That is, in fact, one of a trio arguments that Fox makes against homosexual marriage — all of which touch on the ability of gays and lesbians to raise children — any one of which might be a sincere explanation of why Pennsylvania shouldn’t allow gays and lesbians to marry. And yes, one of those arguments is that gays and lesbians have proven they’re so cool they don’t need legal recognition for their unions.

After all, there’s recent research suggesting children of gay parents do pretty much as well as children of straight relationships. Which led Fox to write this:

“If one takes the research at face value, as plaintiffs ask this Court to do, the claimed research findings undercut a need for same-sex marriage — they suggest that children raised by same-sex couples are doing equally well without it, and are not harmed by its absence.”

(Slow golf clap.) That, friends, is nothing if not audacious. Let’s make his argument just a little more clear: 

We know you’d love to have your civil rights, gay folks, but look how how great you’re doing without them! Why don’t you just get on down the road before legal recognition for your family ruins what makes you real and beautiful! 

Again: Wow. The outrageousness of Fox’s suggestion becomes more apparent when you realize that in the previous breaths, Fox made two other, ultimately contradicting arguments:

• That kids need their straight parents, and that gay marriage would have the effect of “depriv(ing) a child of access to the comfort of their creators.” That phrasing suggests, somehow, that gay and lesbian couples would be able to take healthy children out of loving, straight relationships — but nobody believes that, do that, do they? Fox acknowledges that straight and homosexual couples, as well as individuals, do adopt children because “the focus is attempting to provide an adequate environment for a child in non-ideal circumstances” — but he doesn’t explain how merely being “adequate” parents is an argument against the recognition of gay marriage.

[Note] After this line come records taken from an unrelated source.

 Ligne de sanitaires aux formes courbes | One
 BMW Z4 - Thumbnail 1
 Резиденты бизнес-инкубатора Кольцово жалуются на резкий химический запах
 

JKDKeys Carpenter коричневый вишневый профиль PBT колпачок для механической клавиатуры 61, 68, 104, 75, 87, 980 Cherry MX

• Actually, Fox says, we don’t know enough about whether gay and lesbian couples are good parents or not. It’s a nice little bit of Catch-22 logic: We can’t have gay marriage because we don’t have studies on its effects. But we can’t have studies on its effects if we don’t have gay marriage. Sorry, gay folks! Guess we’ll just have to skip the gay marriage!.

 OK, maybe I’m over-interpreting. Here’s what Fox actually writes:

Gay marriage “has not existed for even a single generation, so there can be no significant, longitudinal social-science data regarding its large-scale, long-term effects upon children, families, governments, economies, and societies over generations. … The Commonwealth’s cautious approach to this novelty, like any other, is inherently rational.”

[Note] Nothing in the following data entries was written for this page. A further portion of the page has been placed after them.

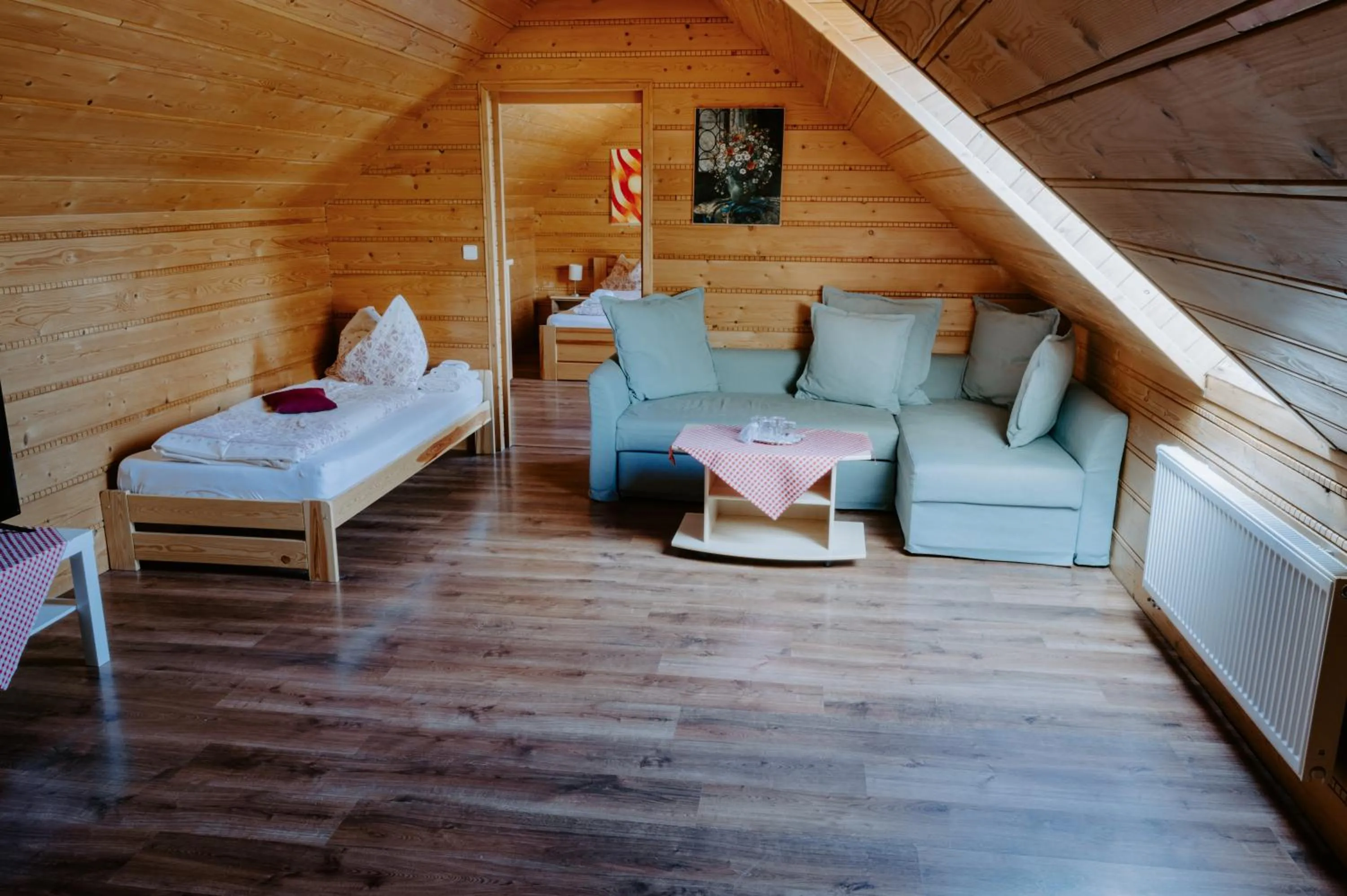 Living room, Bed in SOVA Hotel&Restaurant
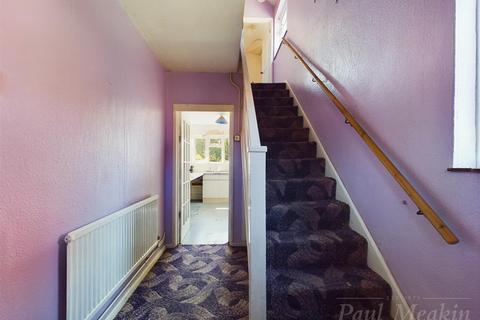 14 Warbank Crescent, New Addington, Croydon, CR0 0AS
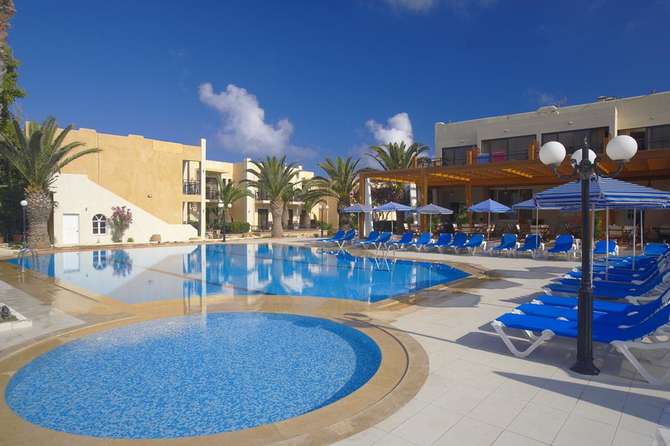 Atlantis Beach Hotel-mei 2025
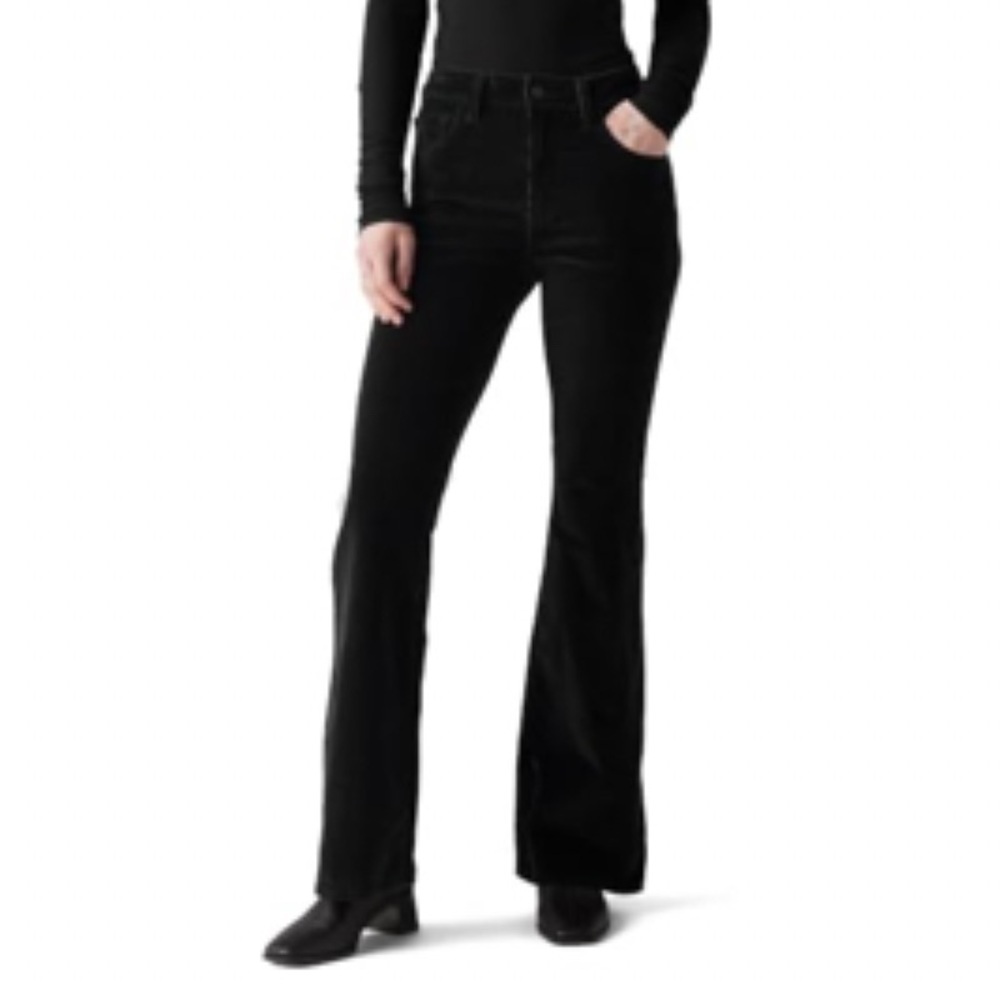 NWT Levi's Women's 726 High Rise Flare Jeans Caviar Black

Maybe. But to sum up, Fox’s argument is this:

  • That gay parents aren’t as good as straight parents, thus gay marriage should be denied.
  • That actually, we don’t know enough about gay marriage to know its effects on children or society, thus gay marriage should be denied.
  • That, wait a second, maybe we do know about gay marriage’s effects on kids — they’re good! — thus gay marriage should be denied.

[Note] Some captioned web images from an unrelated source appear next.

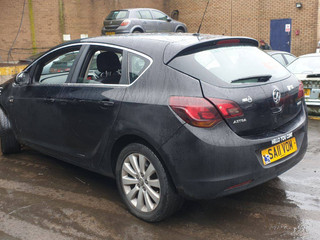 Opel Astra J 2011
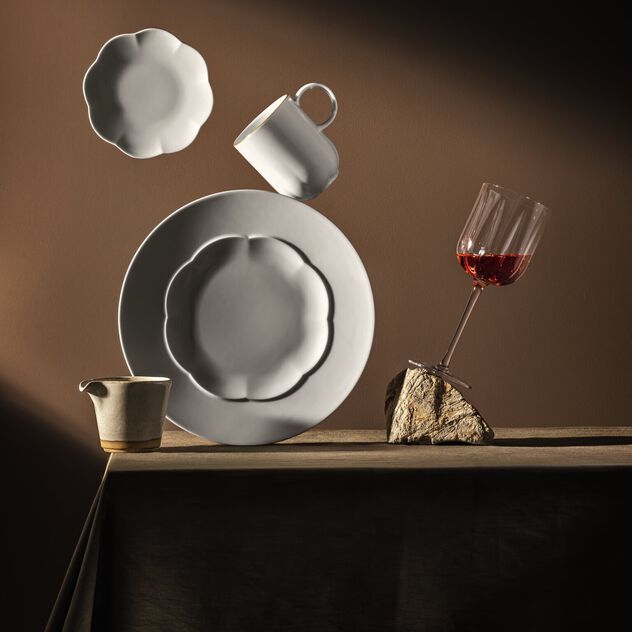 Plate 15 cm flat image number 2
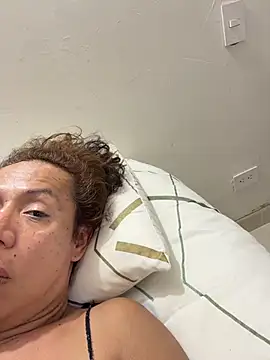 YOURSDEBORA online show from 04-20-26, 11:39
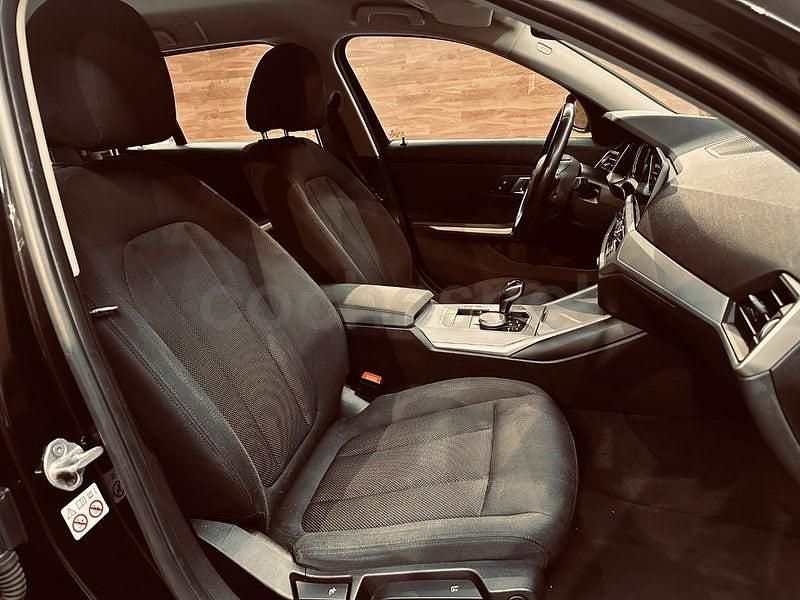 Usado BMW 318 150 CV (110 kW) 2020 Negro Familiar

It may be possible — barely, in the case of the last bullet point — to believe one of those three arguments. It may be even be possible to believe two of them at the same time. There’s no way to believe all three together, however. It’s a combination of innuendo and a have-your-cake-and-eat-it-too-ism that shouldn’t work … but sometimes does.

The anti-marriage-equality folks, it seems, don’t have much left that they can rely on. Nathan Fox’s brief they’re going to see how far they can get on sheer chutzpah.